Then I wasn't in the mood." Her smile faded.
"No. But after dark--and quite alone--then the mood takes you."
"But I've done it hundreds of times before. I can take care of myself."
"You are never to do it again--do you hear?--Why didn't you give the
fellow in charge?" he asked a moment later, in a burst of distrust.
Again Louise laughed. "Oh, a German policeman would find that rather
funny than otherwise. It's the rule, you know, not the exception. And
the same thing has happened to me before. So often that it's literally
not worth mentioning. I shouldn't have spoken of it to-night if you
hadn't been so persistent. Besides," she added as an afterthought--and,
in the face of his grave displeasure, she found herself wilfully
exaggerating the levity of her tone--"besides, this wasn't the kind of
man one gives in charge. Not the usual commercial-traveller type. A
Graf, or Baron, at least."
He was as nettled as she had intended him to be. "You talk just as if
you had had experience in the class of man.--Do you really think it
makes things any better? To my mind, it's a great deal worse.--But the
thing is--you don't know how ... You're not to go out alone again at
night. I forbid it. This is the first time for weeks; and see what
happens! And it's not you may well say it has happened to you before. I
don't know what it is, but--The very cab-drivers look at you as they've
no business to--as they don't look at other women!"
"Well, can I help that?--how men look at me?" she asked indignantly.
"Do you wish to say it's my fault? That I do anything to make them?"
"No.

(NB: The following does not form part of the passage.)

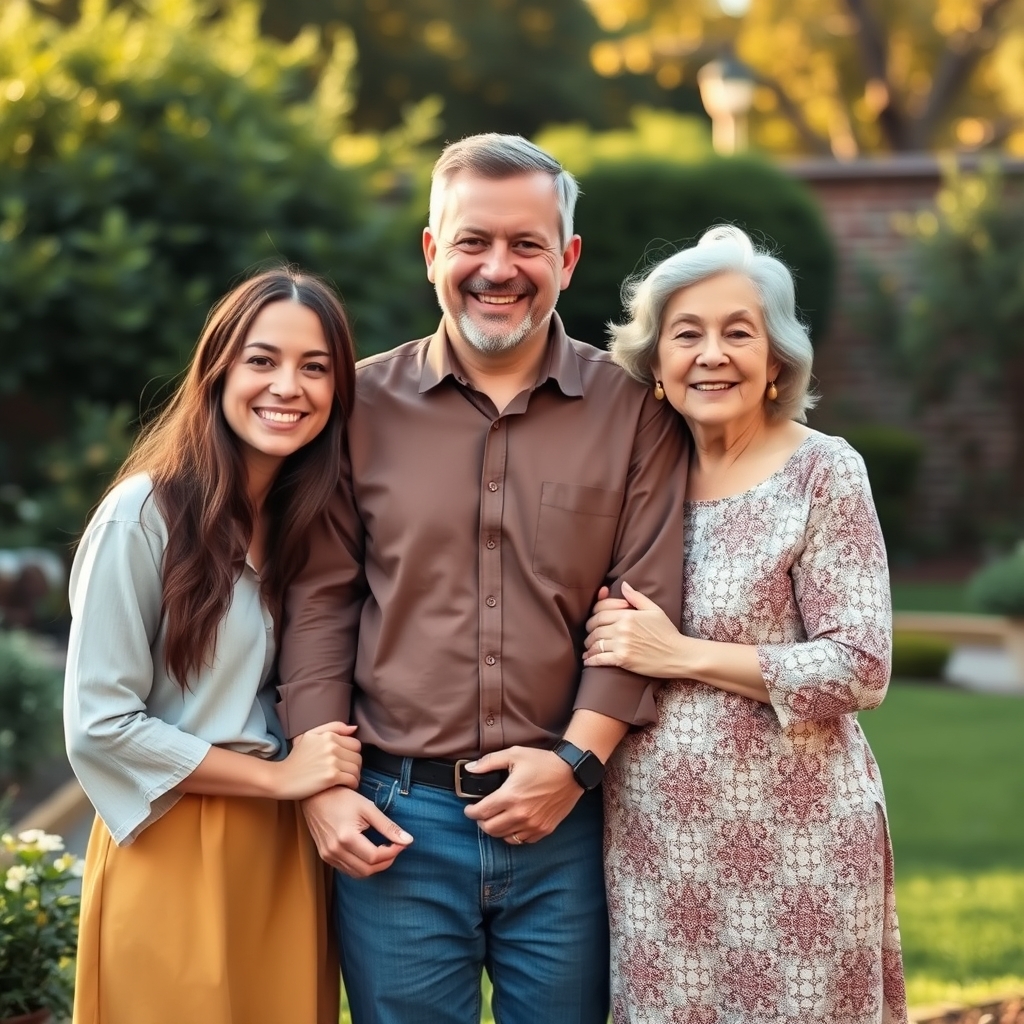 Three people of different ages smiling joyfully together in a garden, linking arms in a warm afternoon setting.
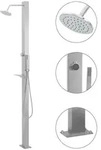 vidaXL Gartendusche, Silber, Metall, Rechteckig, 10x210x6.5 cm, Freizeit, Pools und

Though it might be better if you did," he answered gloomily. "The
unpleasant thing is, though you do nothing ... that it's there all the
same ... something ... I don't know what."
"No, I don't think you do, and neither do I. But I do know that you are
being very rude to me." As he made no reply, she went on: "You will,
however, at least give me credit for knowing how to keep men at a
distance, though I can't hinder them from looking at me.--And, for your
own comfort, remember in future that I'm not an inexperienced child.
There's nothing I don't know."
"You needn't throw that up at me."
"--I at YOU?" she laughed hotly. "That's surely reversing the order of
things, isn't it? It ought to be the other way about."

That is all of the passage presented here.